The International Energy Agency (IEA) held the UK launch of its Medium-Term Renewable Energy Market Report on Tuesday (15th December), followed by a panel debate featuring speakers from the Committee on Climate Change, Solarcentury and RES. The report analyses progress in adopting renewable energy sources in the electricity, transport and heat sectors; identifies challenges to further deployment; and makes projections through to 2020. Whilst the panel drew attention to some encouraging signs for the renewables industry, there were also repeated calls for policy certainty in order for the industry to continue to grow.

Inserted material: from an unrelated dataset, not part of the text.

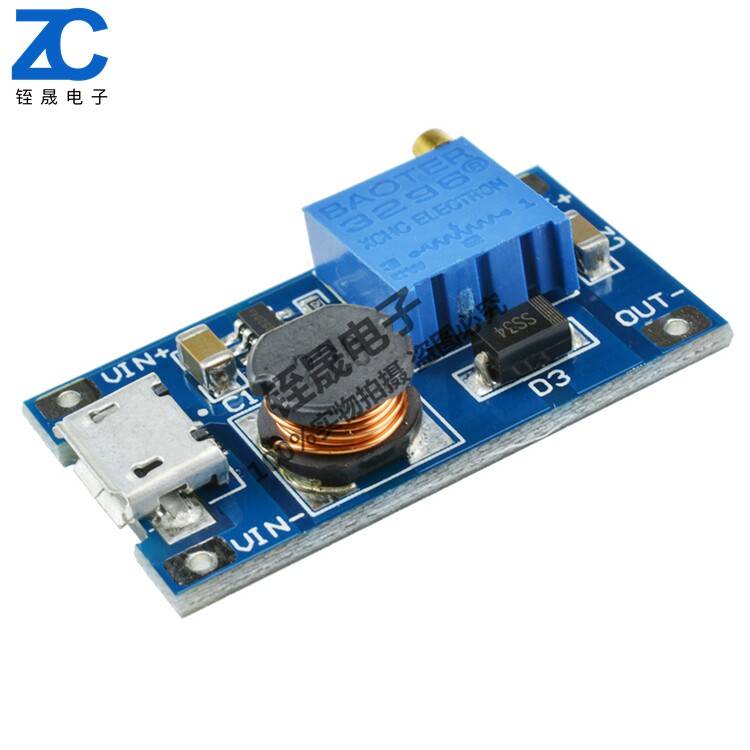 MT3608 DC boost module 2A booster plate USB input 2 3 7-24V liters 5 9 12 -28V Adjustable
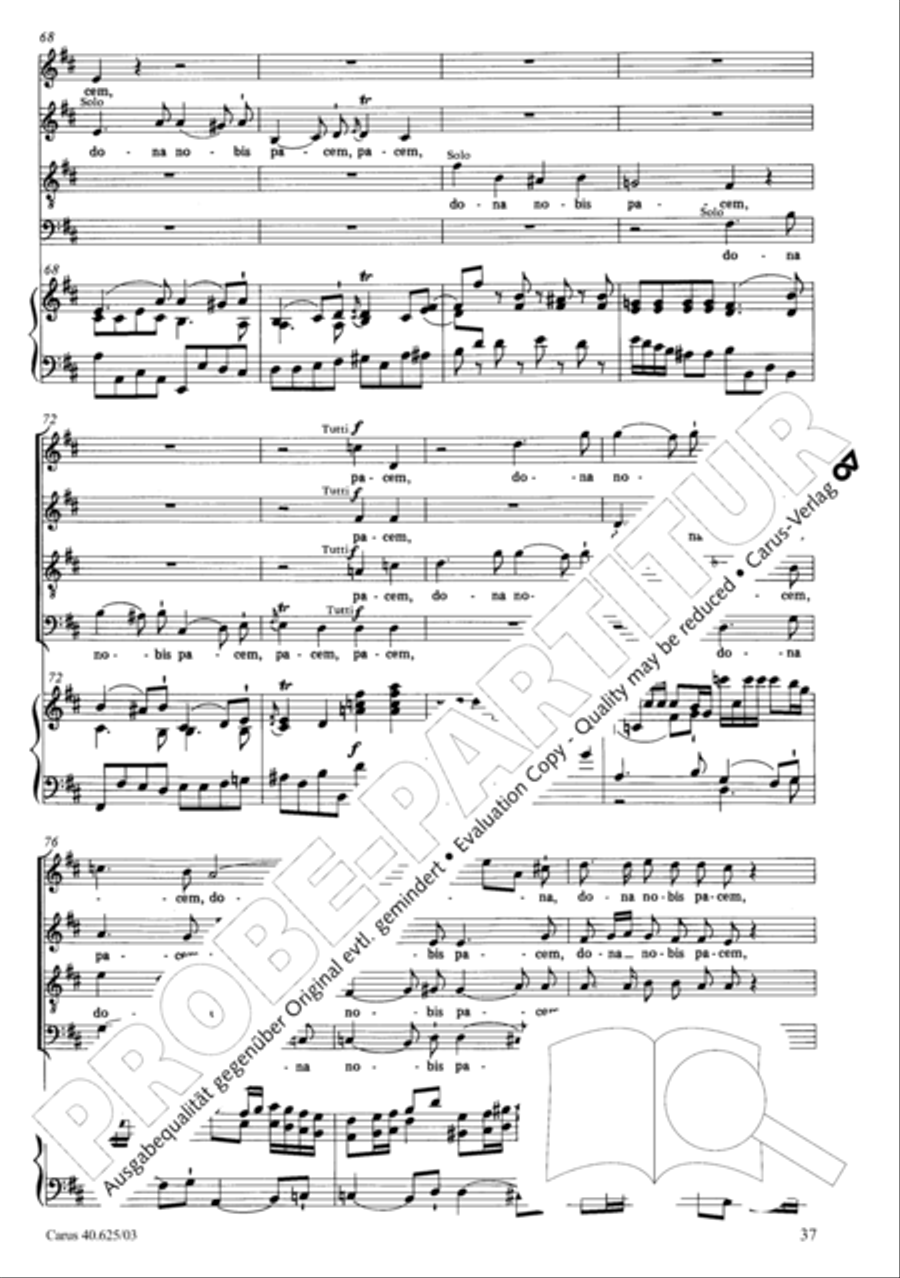 Missa brevis in D Major, K. 194 4-Part scores gallery preview page 38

The launch of the report was timely, arriving soon after the conclusion of the COP21 climate talks in Paris. Michael Waldron, Renewable Energy Markets Analyst for the IEA, and Mike Thompson, Head of Carbon Budgets for the Committee on Climate Change, both hailed the deal reached in Paris as a source of optimism for the renewables industry, highlighting the important role renewable energy will play in achieving the COP21 pledges. The COP21 deal wasn’t the only source of optimism, with Seb Berry, Head of Public Affairs at Solarcentury, arguing that the IEA’s prediction of 10GW of UK solar by 2020 is “almost certainly an underestimate,” and stressing the unstoppable march of renewables towards grid parity.

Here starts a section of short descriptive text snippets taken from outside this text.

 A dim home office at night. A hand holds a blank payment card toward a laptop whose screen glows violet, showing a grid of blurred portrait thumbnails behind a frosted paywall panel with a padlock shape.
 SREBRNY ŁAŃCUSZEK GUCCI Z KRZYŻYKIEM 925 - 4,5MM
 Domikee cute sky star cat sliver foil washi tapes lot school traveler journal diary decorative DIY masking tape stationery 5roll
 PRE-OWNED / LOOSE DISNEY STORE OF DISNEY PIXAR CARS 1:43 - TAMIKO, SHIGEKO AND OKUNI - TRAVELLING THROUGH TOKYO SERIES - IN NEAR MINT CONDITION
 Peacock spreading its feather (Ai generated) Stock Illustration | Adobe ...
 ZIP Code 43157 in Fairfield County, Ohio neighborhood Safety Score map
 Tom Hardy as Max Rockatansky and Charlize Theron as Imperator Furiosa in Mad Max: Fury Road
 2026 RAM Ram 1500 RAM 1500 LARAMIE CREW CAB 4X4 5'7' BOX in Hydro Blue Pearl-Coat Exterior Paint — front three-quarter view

Despite this positivity, the panel was nonetheless united in calling for policy certainty from the UK Government. The IEA report concludes that renewables are affordable but that variability of policies is the number one threat to necessary investment, and the panellists echoed this view. Rob Sauven, Group Business Development Director at RES, said that while RES will invest post-COP, investors “need an urgent signal to keep developing in the UK up to 2020.” Berry argued that Government decisions since the election haven’t led to policy uncertainty but a “policy assault,” with policies for solar and onshore wind having been “turned upside down.” He urged a change of course but conceded that “prospects are not looking great” for a softening of the Feed in Tariff (FiT) cuts when the Government responds to the consultation on the changes (expected later this week).

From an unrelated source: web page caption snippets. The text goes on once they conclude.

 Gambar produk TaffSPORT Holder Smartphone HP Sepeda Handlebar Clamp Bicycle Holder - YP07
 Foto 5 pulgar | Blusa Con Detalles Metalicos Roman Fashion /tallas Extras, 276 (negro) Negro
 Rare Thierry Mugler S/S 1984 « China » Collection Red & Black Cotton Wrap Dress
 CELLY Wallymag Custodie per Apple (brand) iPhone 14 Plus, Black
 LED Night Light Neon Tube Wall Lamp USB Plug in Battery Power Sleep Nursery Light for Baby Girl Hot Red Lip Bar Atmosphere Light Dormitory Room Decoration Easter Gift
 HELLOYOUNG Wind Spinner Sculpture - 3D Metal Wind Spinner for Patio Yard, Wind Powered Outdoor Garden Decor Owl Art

Consequently the key theme of the discussion was frustration at the speed with which renewable energy policy has changed in the UK since the General Election in May. All of the panellists agreed that subsidies for the renewable industry should eventually be cut, but argued that the speed with which they had been withdrawn had created uncertainty in the industry. In order to mobilise the scale of investment in renewables needed to comply with the COP21 deal, the Government must find a way of rectifying that uncertainty – and fast.
Despite the justifiable view among many in the renewables industry that they have been treated unfairly, recent research gives grounds for optimism. A paper prepared by Solar Media’s Finlay Colville shows that an unanticipated consequence of the changes could be to herald a more consistent roll-out of renewables, rather than the peaks-and-troughs we have often seen in the past. These intermittent peaks in demand were caused by companies rushing to deploy before an incentive deadline. However Colville contends that the post-subsidy future will see steady and predictable growth to 2020 of 1GW a year – ending the boom and bust cycles in the industry. This would return the UK to the forefront of renewables in Europe, and should be welcomed by both investors and the government alike. For those renewables companies that survive the removal of subsidies, there may be a small chink of light on the horizon.